On n’aura pas de peine à croire que la mauvaise humeur de M. Tyrrel, aigrie par la lutte avec Hawkins et l’animosité toujours croissante entre M. Falkland et lui ne firent qu’ajouter à son impatiente irritation quand il apprit l’évasion d’Émilie.

M. Tyrrel ne pouvait s’expliquer l’avortement d’un stratagème dont le succès ne lui avait pas paru douteux un seul moment. Sa vexation devint une véritable fureur. Grimes n’avait pas osé venir lui raconter en personne l’issue de son expédition, et le domestique qu’il pria d’aller annoncer à son maître que miss Émilie était perdue pour eux, s’enfuit en toute hâte, effrayé de l’exaspération dont il fut témoin. M. Tyrrel cria qu’il voulait qu’on lui amenât Grimes, et le jeune homme parut enfin devant lui plus mort que vif. M. Tyrrel le força de répéter tous les détails de son aventure, et, à peine eut-il terminé qu’il s’esquiva aussi, accablé des exécrations qui lui furent prodiguées.

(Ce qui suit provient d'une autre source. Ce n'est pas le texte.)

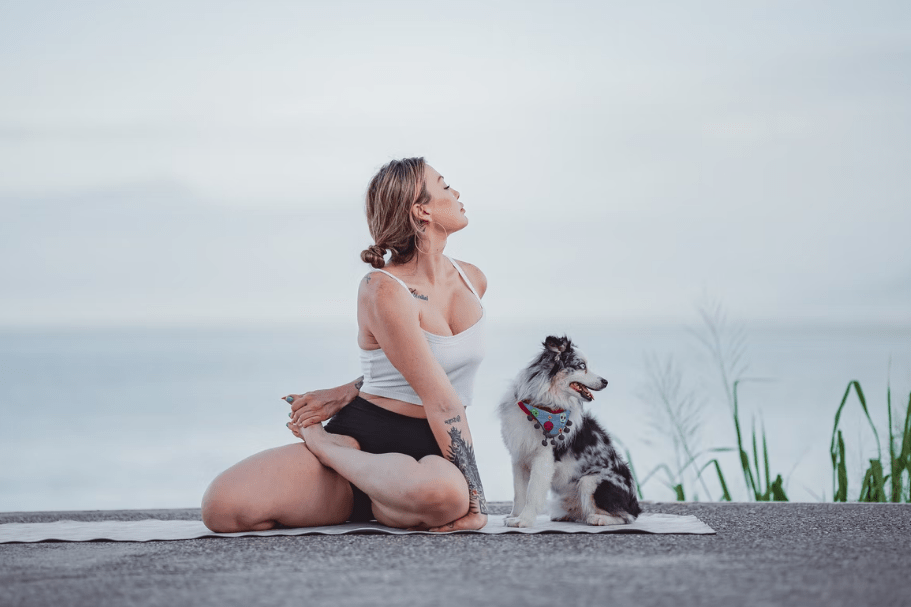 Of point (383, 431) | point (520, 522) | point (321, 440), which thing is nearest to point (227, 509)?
point (321, 440)

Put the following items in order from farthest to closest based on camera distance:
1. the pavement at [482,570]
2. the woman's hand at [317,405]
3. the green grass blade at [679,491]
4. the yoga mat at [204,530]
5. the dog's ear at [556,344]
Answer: the green grass blade at [679,491] → the dog's ear at [556,344] → the woman's hand at [317,405] → the yoga mat at [204,530] → the pavement at [482,570]

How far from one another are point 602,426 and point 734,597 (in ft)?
4.67

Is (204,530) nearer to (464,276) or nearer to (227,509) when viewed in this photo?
(227,509)

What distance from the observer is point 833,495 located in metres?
4.23

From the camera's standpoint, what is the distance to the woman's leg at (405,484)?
8.96 feet

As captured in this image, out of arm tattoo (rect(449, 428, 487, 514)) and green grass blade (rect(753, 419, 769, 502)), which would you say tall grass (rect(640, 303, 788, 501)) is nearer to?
green grass blade (rect(753, 419, 769, 502))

Grimes n’était pas un poltron, mais il respectait cette espèce de culte que les hommes ont pour le rang et les richesses, comme les Indiens adorent le diable. Ce ne fut pas tout. La rage de M. Tyrrel devint si ingouvernable et si terrible, qu’il se serait trouvé peu de cœurs assez fermes pour ne pas trembler devant lui avec un sentiment d’infériorité reconnue.